As the doctors rushed around me post-delivery, I didn’t know I would feel disconnected. I was on a euphoric high, floating above myself, looking down at the scene unfolding from above. I didn’t know that I wouldn’t hear them when they said my baby broke my tailbone during delivery. I didn’t know you could do that, break open in that way. I didn’t know.

I didn’t know that when we left the hospital it would be the longest and scariest drive of my life. That my knuckles would turn white with every turn taken too fast and every pothole not avoided. I didn’t know that when I got home and left my baby in the car seat to nap, I would experience the first full blown panic attack of my life; that when he didn’t immediately wake, I would never ever be the same.

I didn’t know that from that day forward I would see visions of him dying – graphic horrific visions. A horror movie on repeat. I didn’t know these visions would stop me in my tracks, that my heart rate would skyrocket, that I would start sweating and black out, seeing stars.
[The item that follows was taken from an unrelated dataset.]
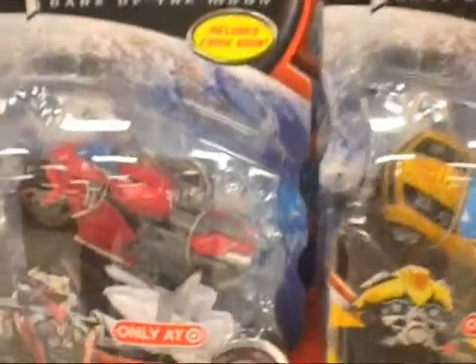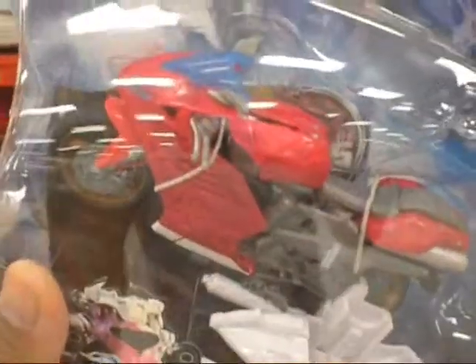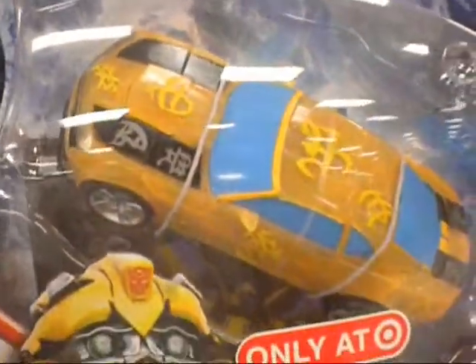There are a couple of Transformers Dark of the Moon Target exclusive repaints. We got RC and Bumblebee, and they're both in a translucent plastic. RC is in a translucent pink and Bumblebee is in a translucent yellow, and they both also got Cybertronian glyphs or tattoos on them.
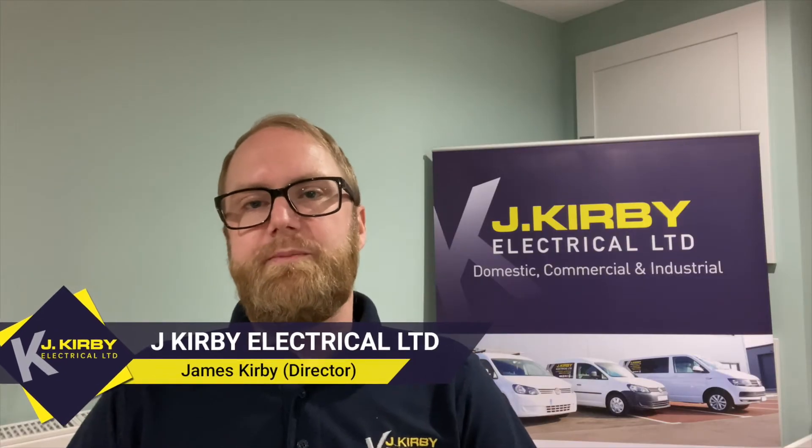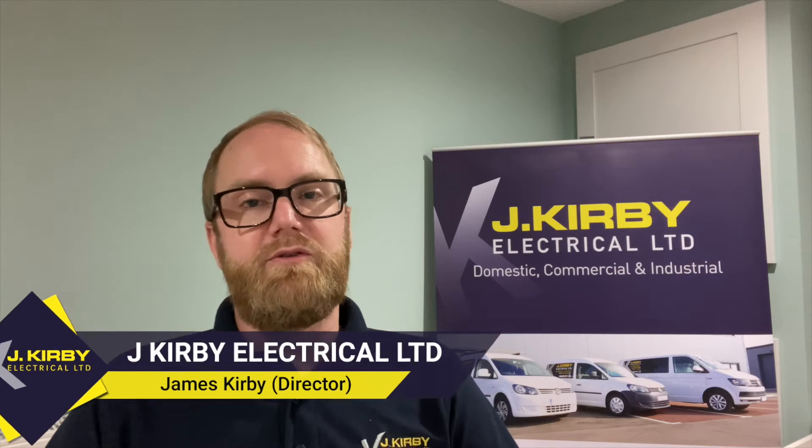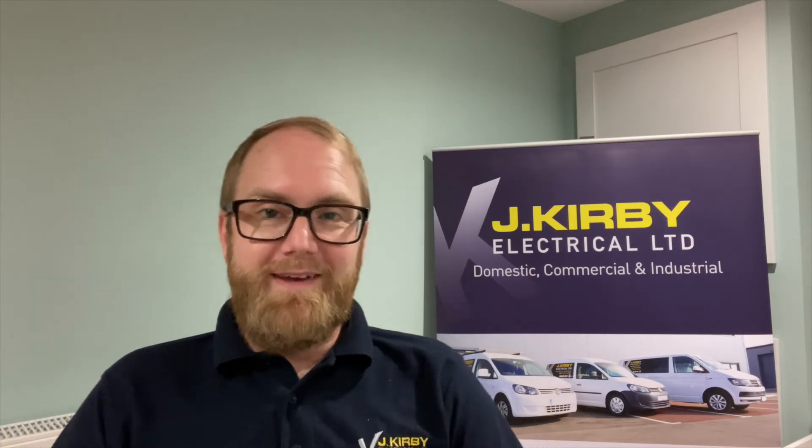So I've got some news for you guys — Jacobi Electrical is now on YouTube! That's right, you heard it. We're on YouTube. From now on we're going to be posting useful, helpful tip videos on how to change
I didn’t know that when I told my doctor I would be told to “get more sleep” and “see you for a follow-up appointment a year.” I didn’t know that the thoughts would get so bad that I’d have to pull over to the side of the road for fear I would drive into oncoming traffic. I didn’t know it would feel like a tunnel with no escape, no end, no light, no air.

I didn’t know that every time I saw a baby sleeping in a car seat I would feel compelled to walk over and touch it to make sure it was breathing. If only I could feel their chest rise and fall. I didn’t know the looks of panicked mothers would pierce my heart; if only they knew it was out of concern, out of love. I just wanted to make sure they were safe. If only they knew what was going on inside my head.

I didn’t know that when I unexpectedly got pregnant again, in the midst of that darkness, that I would feel terrified and as if I had been pierced by the most radiant light. That it would feel as if I was again broken open yet differently now.

When I birthed my second baby, I didn’t know I could feel so connected, so powerful. I didn’t know I could find a place never found before, despite already having done this once. I didn’t know that the second time would be just as profoundly beautiful as the first yet calm, steady.

I didn’t know that the thoughts would come later this time. I thought perhaps I was lucky, that maybe they were just a product of my first. I didn’t know…until that night. That night when I held him in my arms and watched his ribs suck in against his skin as I frantically rushed him to the ER. I didn’t know that when you show up like that they take your baby away and immediately get to work. I didn’t know that a 3-month-old could scream like that and turn wet with frantic, cold sweat.

I didn’t know that for the next week we spent in the hospital I would only put him down to go to the bathroom because I was so terrified of losing him. That he would sleep on my chest every night so I could feel his tiny heart beating next to mine despite the thoughts that swirled through my head and plagued my dreams. I didn’t know how to live without feeling the rise and fall, rise and fall of his tiny breaths.

I didn’t know that I would be physically unable to drive out of the children’s hospital parking lot a week later because I was overcome with gratitude that I was leaving with my baby alive. That he was still breathing, there in the back seat. I couldn’t shake the thought that some parents would drive this same road one final time with an empty car seat. I didn’t know that for the next 9 months I would be unable to sleep without my hand on his chest at night to feel him breathing. The comfort of the rise and fall, rise and fall.


Megan today

I didn’t know that this would be my story. That someday I would own it without shame. That I would find healing in therapy, medication and in sharing the darkest times of my life. I didn’t know that this would pass, that the days would get easier and the nights longer. I didn’t know I’d be able to finally sleep without touching my children. I didn’t know that there was hope, that there was life beyond that darkness. I didn’t know that this would be the first step in my rising.